Extracted material
......
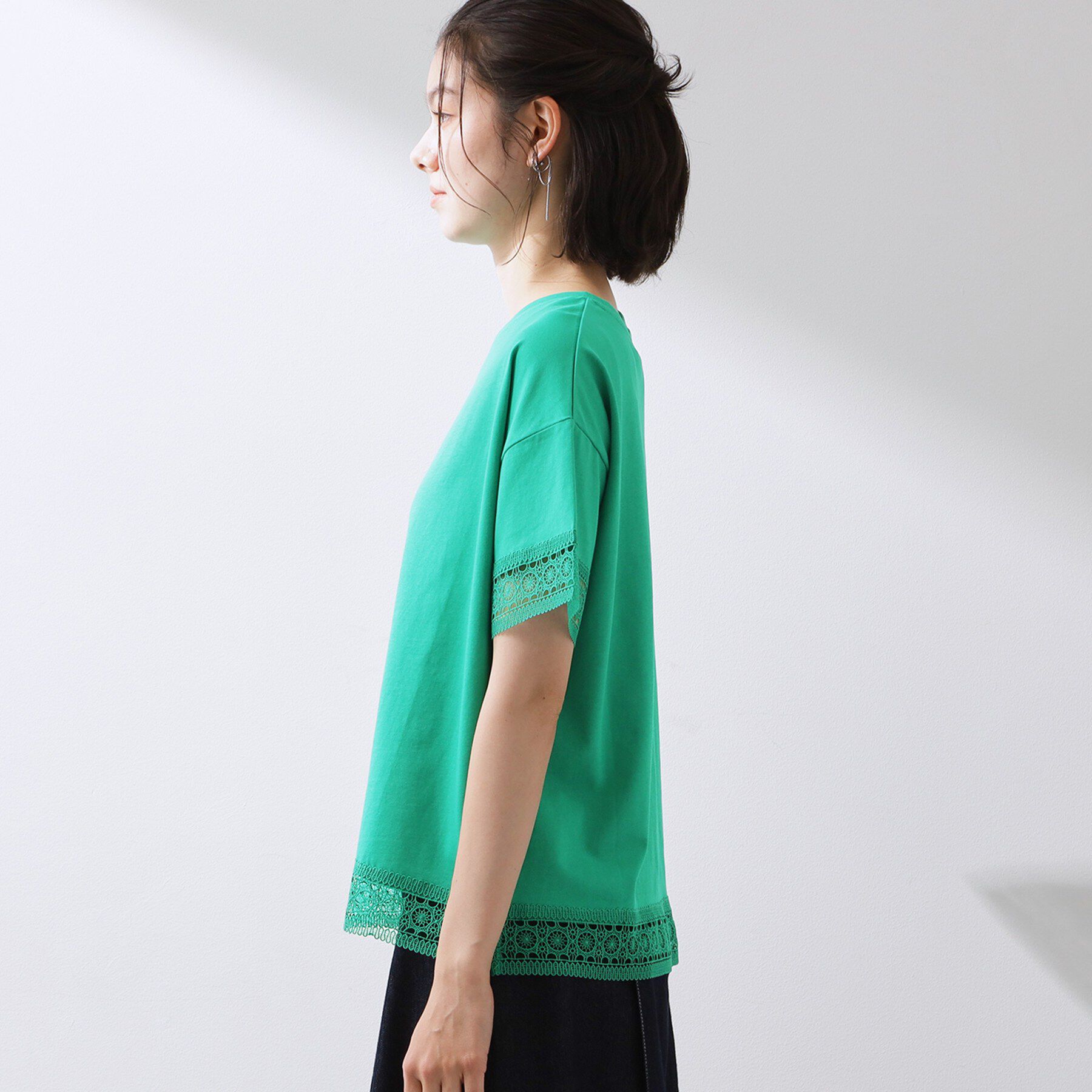 THE SHOP TK「【インせず着られる】モチーフレース切替Tシャツ」|Tシャツ・カットソー|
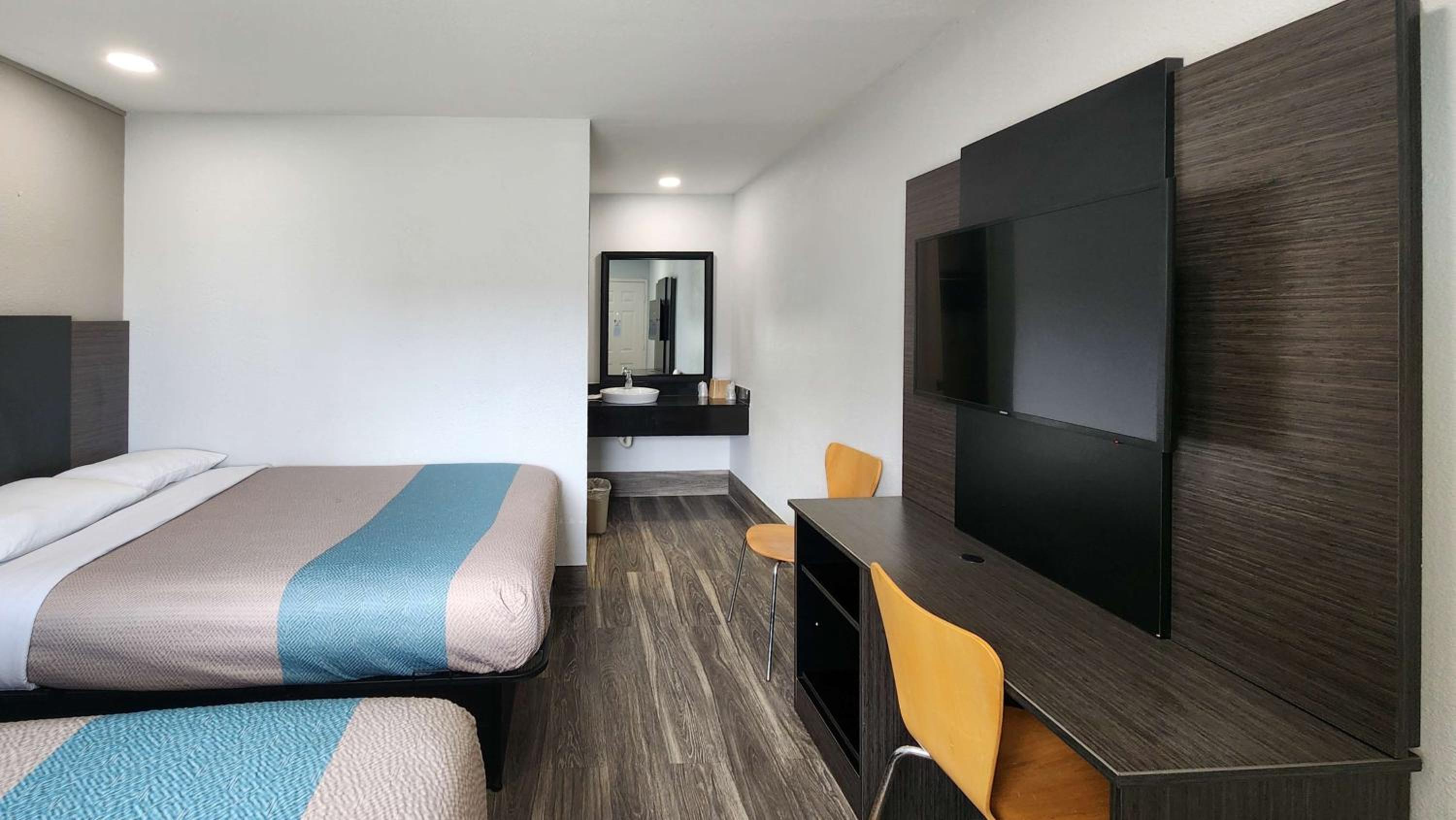 Room, Quadruple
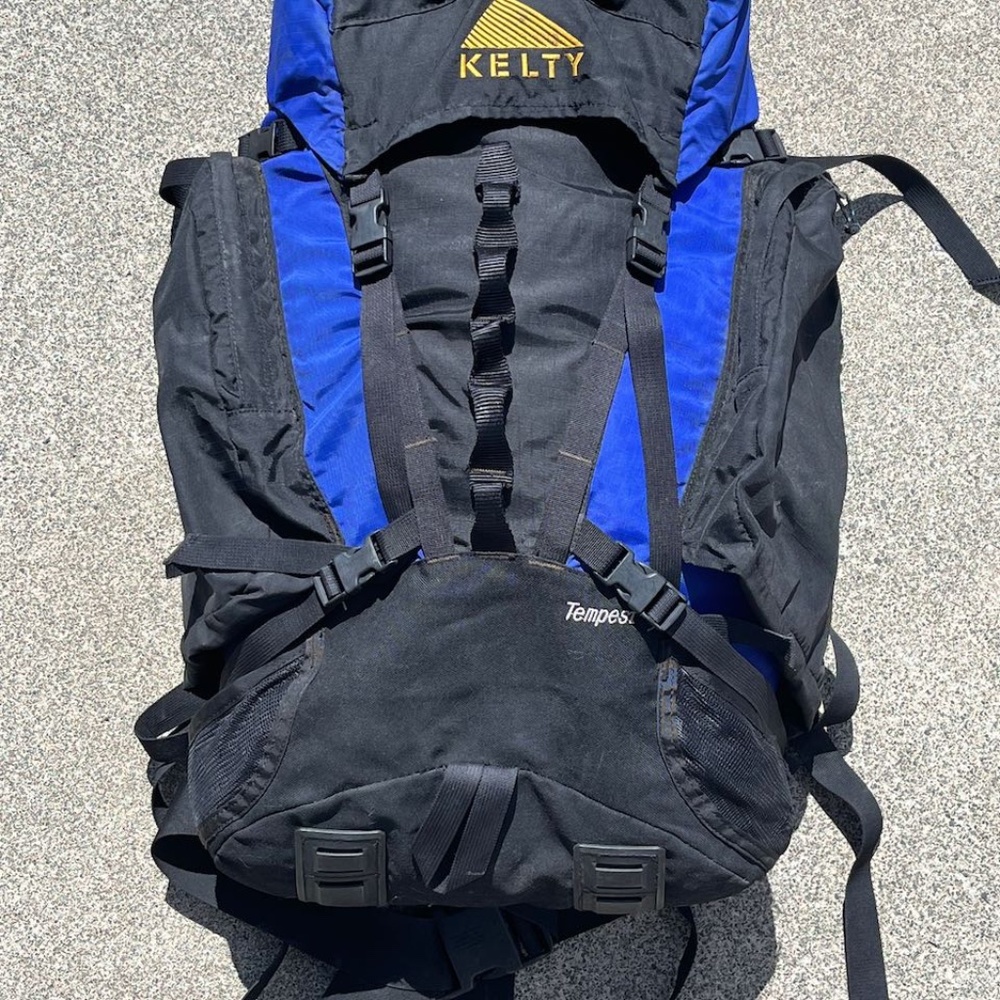 Kelty Tempest Classic Hiking Backpack Blue & Black-----47L Internal Frame!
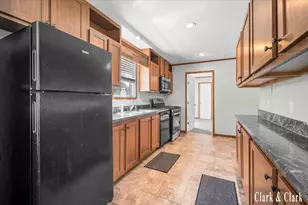 12739 Meadow Dr, Wayland, MI 49348 - Photo 3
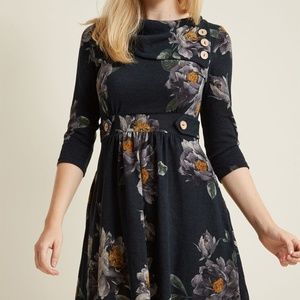 New Yellow Star Coach Tour A-Line Dress in Floral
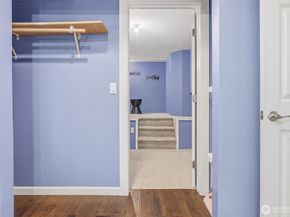 9165 45th Avenue SW 6, Seattle WA 98136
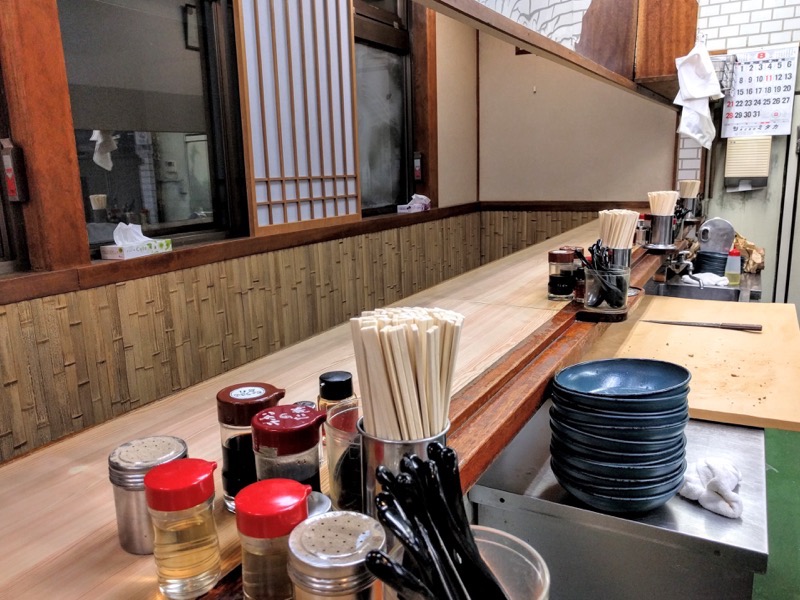 あおきや-カウンター席.jpg あおきや カウンター席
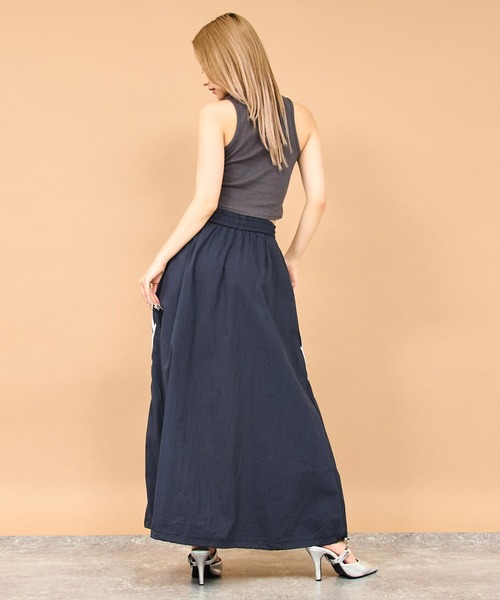 ANAP（アナップ）の「メタリックプリントデザインタンクトップ（タンクトップ・レディース・ホワイト/カーキ/ダークグレー・FREE）」の16枚目の写真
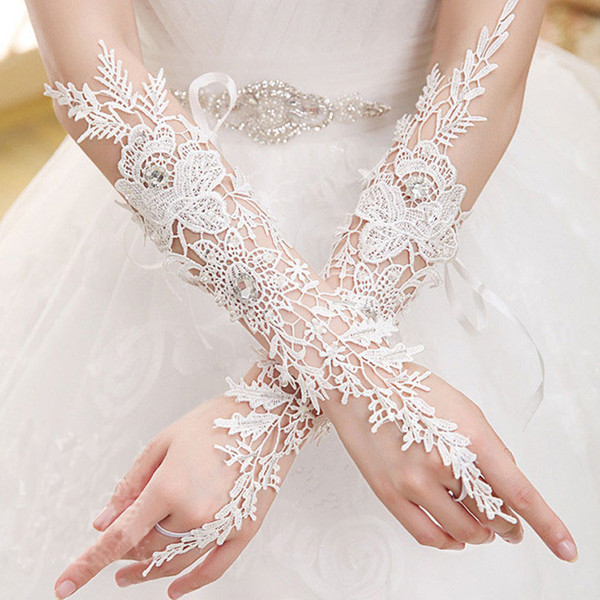 Lace Crystal Flowers Bridal Gloves Fingerless Satin Lace White Color Wedding Party Prom Appliques Gloves Bridal Accessories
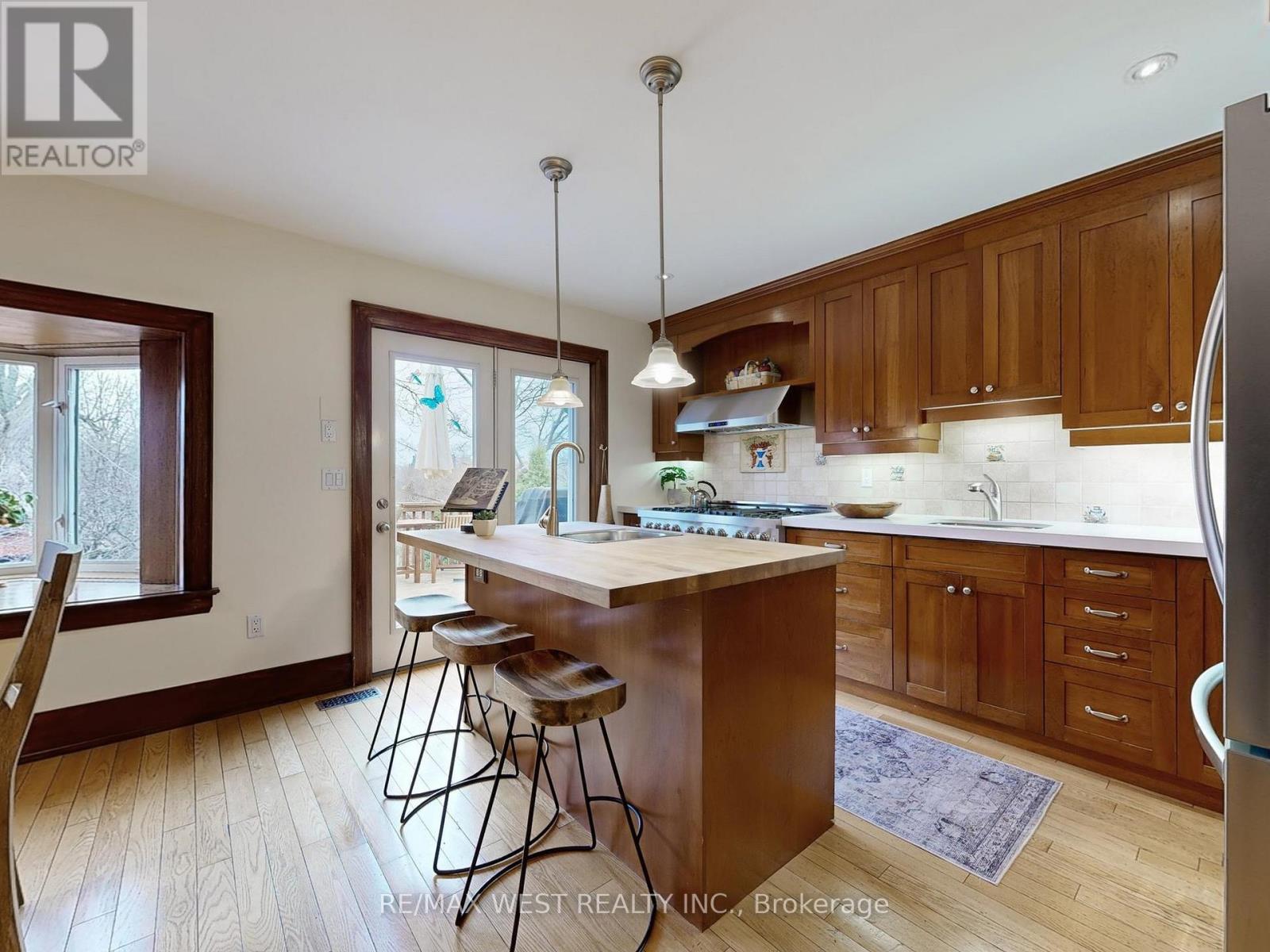 69 Mayfield Avenue, Toronto, Ontario  M6S 1K4 - Photo 12 - W13004458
......
Problem to solve
Repeat all the records above exactly, leaving out any pictures.

Answer for this exercise
 THE SHOP TK「【インせず着られる】モチーフレース切替Tシャツ」|Tシャツ・カットソー|
 Room, Quadruple
 Kelty Tempest Classic Hiking Backpack Blue & Black-----47L Internal Frame!
 12739 Meadow Dr, Wayland, MI 49348 - Photo 3
 New Yellow Star Coach Tour A-Line Dress in Floral
 9165 45th Avenue SW 6, Seattle WA 98136
 あおきや-カウンター席.jpg あおきや カウンター席
 ANAP（アナップ）の「メタリックプリントデザインタンクトップ（タンクトップ・レディース・ホワイト/カーキ/ダークグレー・FREE）」の16枚目の写真
 Lace Crystal Flowers Bridal Gloves Fingerless Satin Lace White Color Wedding Party Prom Appliques Gloves Bridal Accessories
 69 Mayfield Avenue, Toronto, Ontario  M6S 1K4 - Photo 12 - W13004458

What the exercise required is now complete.